Les rapts
Un poussin qui dépasse un peu trop de la poche incubatrice de son parent, un poussin éjecté de la poche après une chute de l’adulte, un poussin qui commence à faire ses premiers pas seul sur la banquise… Autant de situations qui peuvent conduire à un événement de « rapt ».
On est en août, les poussins ont bien grandi mais ont toujours besoin de soins parentaux et certains adultes, en échec, arpentent la colonie et tentent de voler ces poussins…
A cette période de l’année, plusieurs dizaines de rapts peuvent être observées en 1h passée à la manchotière.
Généralement, lorsqu’un manchot se jette sur un poussin pour le voler à son parent, les manchots inemployés des alentours ne tardent pas à se joindre à la mêlée, ce qui peut faire des groupes assez impressionnants de plusieurs dizaines d’individus. Le poussin peut d’ailleurs mourir écrasé par les manchots qui se battent.
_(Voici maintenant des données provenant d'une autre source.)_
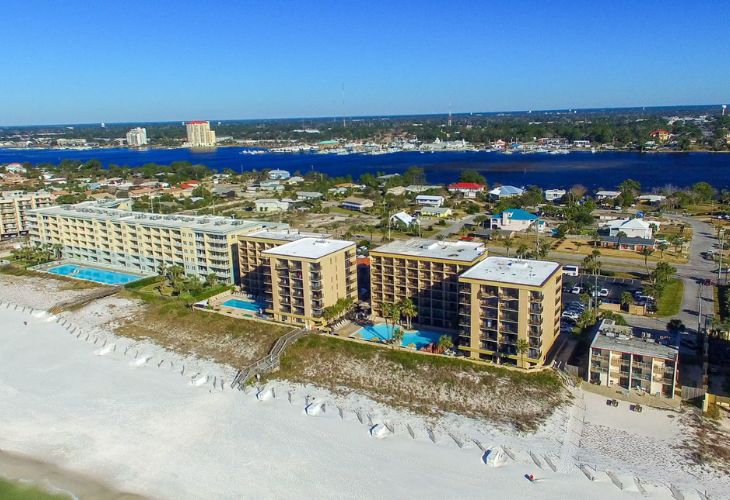 Destin real estate agent aerial view of Fort Walton Beach real estate on Okaloosa Island, showing beachfront condominium buildings with pools, the white-sand beach, and the Santa Rosa Sound in the background.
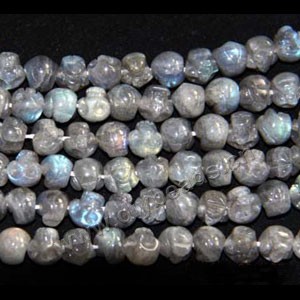 Bead, rainbow moonstone (natural), 12mm skull,A grade, Mohs hardness 6 to 6-1/2. Sold per 16-inch strand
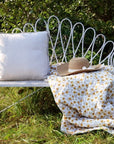 White outdoor bench with cushion and throws in garden.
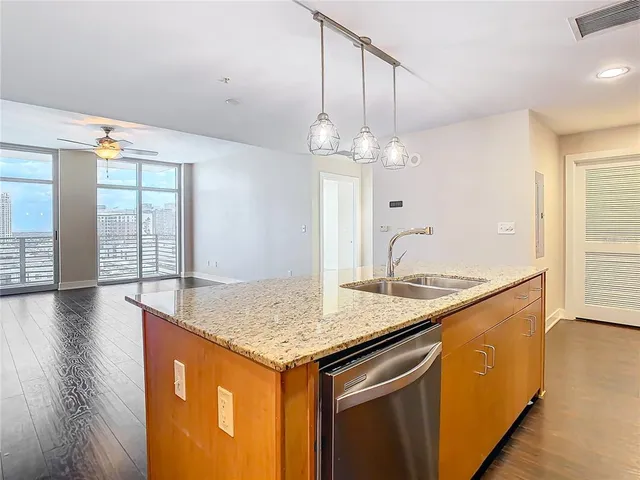 a view of kitchen with cabinets and wooden floor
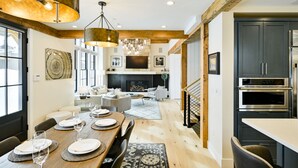 Une cuisine moderne avec des meubles sombres et des appareils en acier inoxydable, un coin repas avec une table en bois pour quatre personnes, et un espace de vie chaleureux avec une cheminée et des sièges confortables.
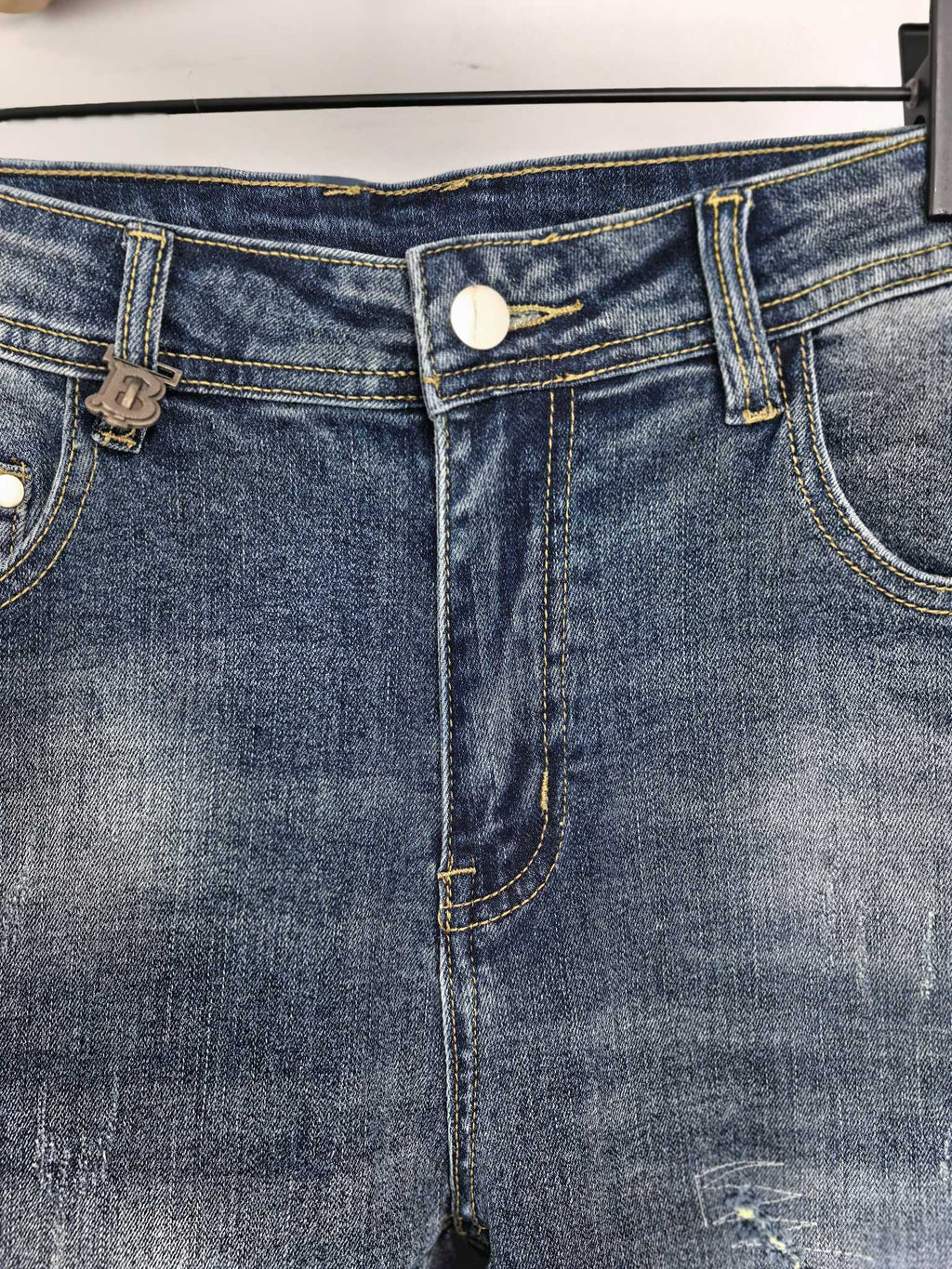 Denim pants waistband close-up with belt loops and button-front closure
Parfois, le parent réussi à récupérer son poussin indemne, parfois c’est un autre qui repart avec.
Il faut savoir que dans la plupart des cas, le voleur finira par abandonner ce poussin qui n’est pas le sien… Il nous est arrivé de voir ce genre d’abandon suivi à nouveau d’un rapt, l’avenir d’un poussin kidnappé est très incertain !
On peut d’ailleurs se demander quelle est l’explication d’un tel comportement. En effet, les kidnappeurs vont dépenser de l’énergie pour élever un poussin qui ne leur est pas apparenté... En 2006, des chercheurs ont testé l’hypothèse selon laquelle ce comportement de rapt était influencé par le taux élevé de prolactine, une hormone de soin parental. Lors de cette étude expérimentale, le taux de prolactine de certains individus a été artificiellement abaissé par administration d’un inhibiteur. Ces individus traités ont effectué moins de tentatives de rapts que les non traités (Angelier et al., 2006).
La prolactine est généralement produite suite à une stimulation par le poussin, or chez le manchot empereur, le taux de prolactine n’est pas ou peu influencé par le poussin et il est maintenu élevé pendant toute la période de reproduction. Ceci serait une adaptation leur permettant de rester impliqués et d’avoir l’envie de revenir à la colonie après de longs trajets et séjours en mer (sans contact avec le poussin). Chez les individus en échec de reproduction, ce taux est également maintenu élevé, ce qui pourrait expliquer leur obstination à vouloir un poussin.
Le comportement de rapt pourrait donc être une conséquence de l’adaptation des manchots empereurs à leurs conditions de reproduction particulières et hors du commun.
L’émancipation
A l’âge de deux mois, le poussin s’émancipe thermiquement : il a assez de duvet pour rester hors des pattes de ses parents. Les poussins émancipés se regroupent pour former des crèches, au sein desquelles ils se tiennent plus ou moins serrés selon les conditions météo (+ font la sieste et se chamaillent sans cesse). Lors de mauvais temps, ils forment de véritables tortues comme leurs parents!
A partir de l'émancipation du poussin et du fait de sa demande alimentaire croissante, les deux parents s'absentent simultanément pour aller chercher de la nourriture en mer. Ils ne séjournent alors à la colonie que le temps nécessaire au nourrissage du poussin qui se fait le plus souvent à l'écart des autres oiseaux et des crèches. Le couple ne se croise alors que très rarement pendant cette période.
Dans notre colonie de Pointe Géologie, la première émancipation a eu lieu le 20 août et la première crèche observée le 29. Une semaine plus tard, il y avait déjà 1000 adultes de moins dans la manchotière.